The last thing I want to do is make this party political, and I am sure other hon. Members would support me in that. I am talking not about the detail of what is happening, but about the impression that is being given, which will have a knock-on effect on coalition support. That impression is that the west’s embroilment is going deeper and further, beyond the terms of the resolution, and so it will, in time, fracture that coalition.
I return to the specific humanitarian points and I wish to raise three issues with the Secretary of State. If he is not able to deal with them today, it would be helpful to receive a further briefing from the Government, either an oral or written one, to cover these areas. The first issue is displacement. It is estimated that about 500,000 people have been displaced in Libya as a consequence of the fighting so far, the overwhelming majority of whom—perhaps 90%—are migrants. According to the United Nations High Commissioner for Refugees, about 80,000 Egyptians and about 20,000 Tunisians have been repatriated. I am somewhat confused by that, because the most recent Library briefing says that up to 1.5 million migrants were in Libya before the crisis and that a substantial number of them were Egyptian. When I was in Cairo two weeks ago, the Egyptian Government and others were saying that we were dealing with a substantially higher number of Egyptians. Can the Secretary of State clarify where those migrant workers and residents are now? This concern for their own citizens in Libya is a substantive reason why the Egyptians have been reluctant to become more involved in the situation, despite having powerful armed forces on the border.
We did a good job, as did the international community, in moving Bangladeshi, Filipino and Nigerian migrants working in the oil and other industries in Libya out at a relatively early stage. As has been mentioned, we have not done such a good job in relation to sub-Saharan African populations. That is partly a consequence of Gaddafi’s policy of opening up Libya in years gone by; he turned away from the Arab world and towards sub-Saharan Africa, welcoming a tide of millions of immigrants from there. A substantial number, perhaps more than 100,000, remain in Libya and they have very little by way of resources. As has been said, they are the targets for violent attack by Libyans who think that they may be mercenaries or supporters of the Gaddafi regime. My hon. Friend Hugh Bayley gave examples of these serious and damaging violent attacks, and we need to examine the matter. One response for these people is to try to get out of the country by any means possible; hence the boats going over to Italy and Malta. Many people have been lost at sea as a consequence and some have been given a very dusty welcome, with the situation being exploited politically by Berlusconi and others. That is perhaps at the depth of the humanitarian crisis.

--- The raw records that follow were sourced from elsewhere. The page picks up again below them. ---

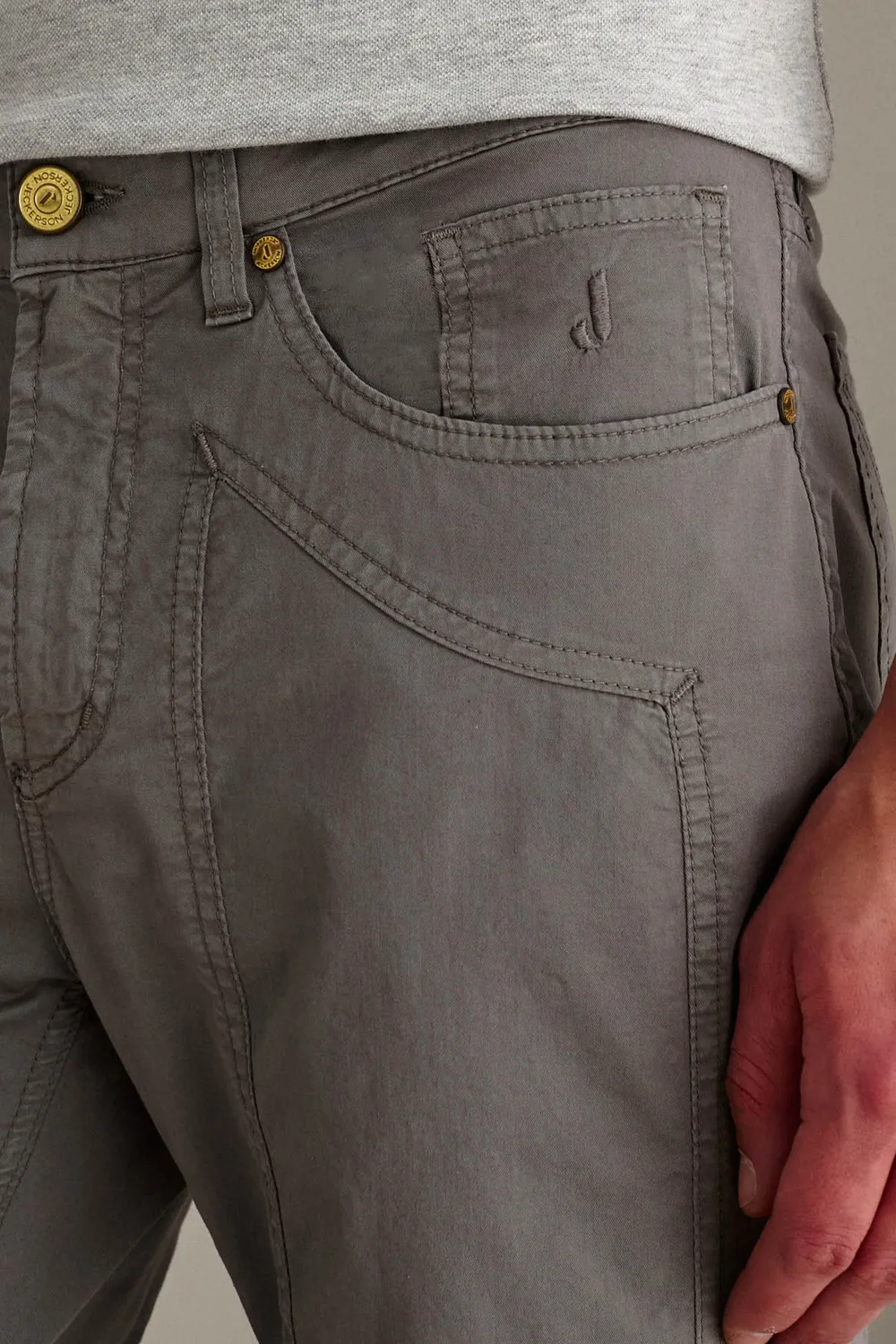 Jeckerson John chino slim fit grijs katoen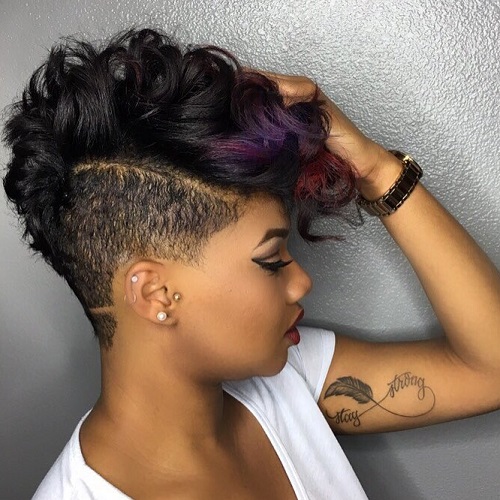 Mohawk With Purple and Red Streaks Mohawk With Purple and Red Streaks β Winter Hair Colors for Black Women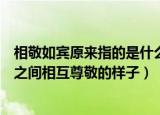 相敬如宾原来指的是什么人之间（相敬如宾最初是指什么人之间相互尊敬的样子）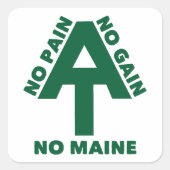 Appalachian Trail No Pain No Gain No Maine Vierkante Sticker (Voorkant)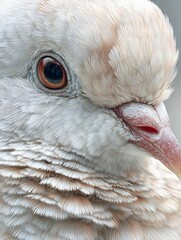 Hyper realistic close up of dove face with soft white feathers and expressive eyes in lifelike clarity
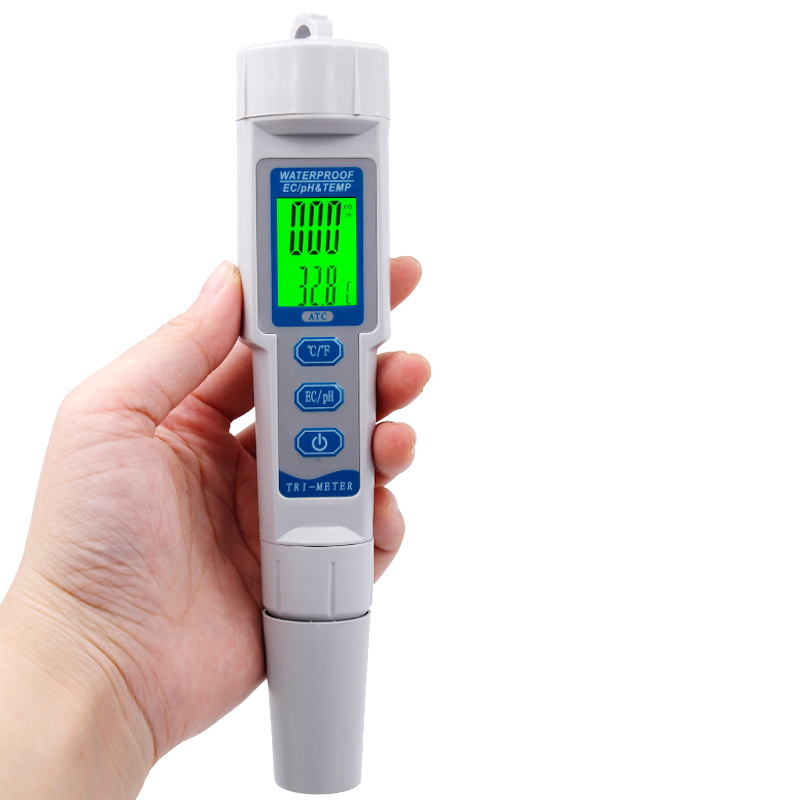 เครื่องวัด PH EC Temp ในน้ำ 3in1 ตรวจสอบค่าน้ำและปุ๋ย ปากกาวัด PH EC Temp ( PH meter)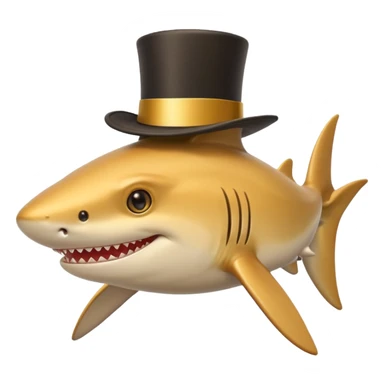 Golden shark with cilinder on his head smiling sticker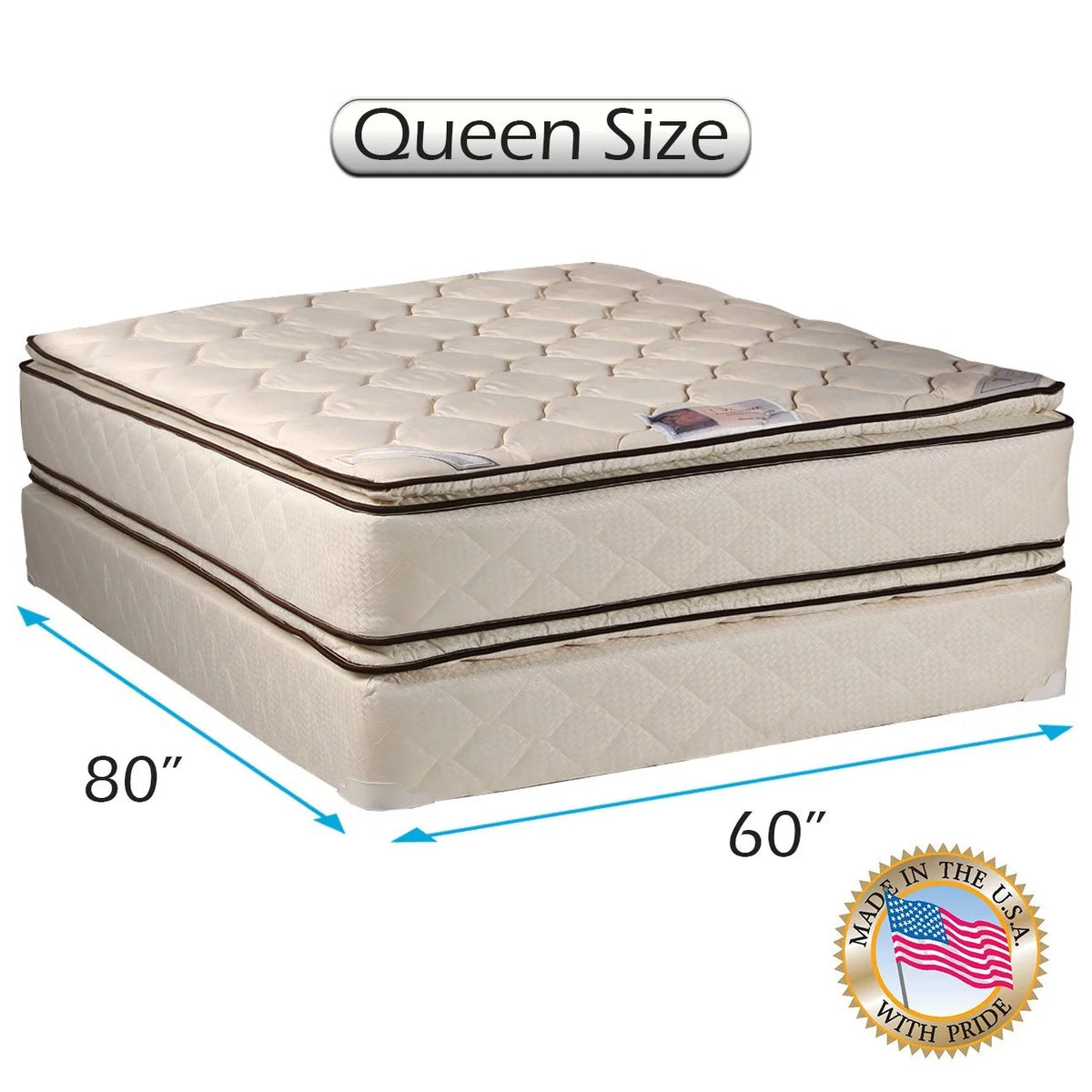 Queen PillowTop Mattress Set with Bed Frame F9576
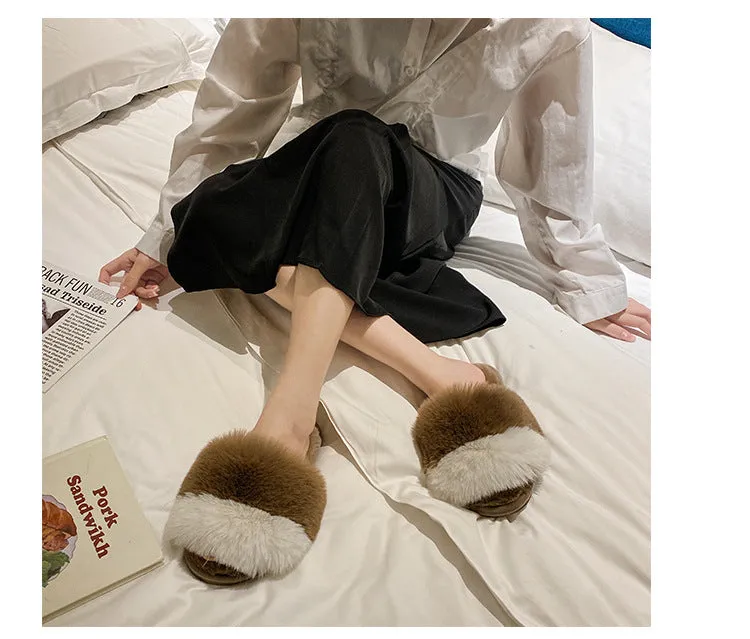 Plush Slippers For Women's Outdoor Flat Bottom Fashion Girls Furry Slipper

We also face the issue of some Libyans crossing the border. Their number is relatively small compared with these other figures, at perhaps 20,000, but perhaps twice that number are internally displaced. If military action escalates, with or without the support of the coalition, the likelihood is that the number of internally displaced refugees will grow hugely. The military action has severe implications for humanitarian relief.
Secondly, I ask the Secretary of State to consider the logistics of the situation. Access to the east of the country is not so bad, and I understand that UNHCR people are going back there later this week, but despite the fact that some UNHCR employees are in Tripoli, the west is almost off limits. The situation in places such as Misrata is very severe. The Turkish ship that courageously went in after waiting outside the dock for four days was going to remove about 100 people. It did take off about 250 seriously injured people and their relatives, but it left many thousands, including about 4,000 Egyptians, who were trying to get on the ship. I would not expect the Secretary of State to comment on what relief operations are planned for Misrata, but clearly it is the most serious situation, as people are being killed every day and no supplies, medical or otherwise, are reaching the town. That is the place in most urgent need at the moment.
Many organisations, including the International Committee of the Red Cross, the Tunisian and Egyptian Red Crescent, and Islamic Relief, are engaged heavily where they can be, both in Libya and on the borders. I repeat what I said in my intervention: the funds are not necessarily available. I understand that only about 36% of the £310 million flash appeal funds sought have actually been raised, so there is a crying need for additional funding. That is why the evacuation of people from the border camps has slowed almost to a trickle. We face not only a problem of access, particularly in the west of the country, but a problem of funding. Notwithstanding the Government’s efforts so far, they ought to turn their attention to that again.
The final point I shall deal with is the question of justice. A reference has been made to the International Criminal Court, and in my many visits to Gaza I have been struck by the fact that after people have suffered military action, they want to have not only financial and substantive relief, but justice. They also want those who have caused them harm to be dealt with by the rule of law. It is very important that the international community steps in at that point and that even those from the regime who are seeking refuge at the moment will in due course be called to account. That is as important for the people of Libya in the long term as the immediate humanitarian relief is in the short term.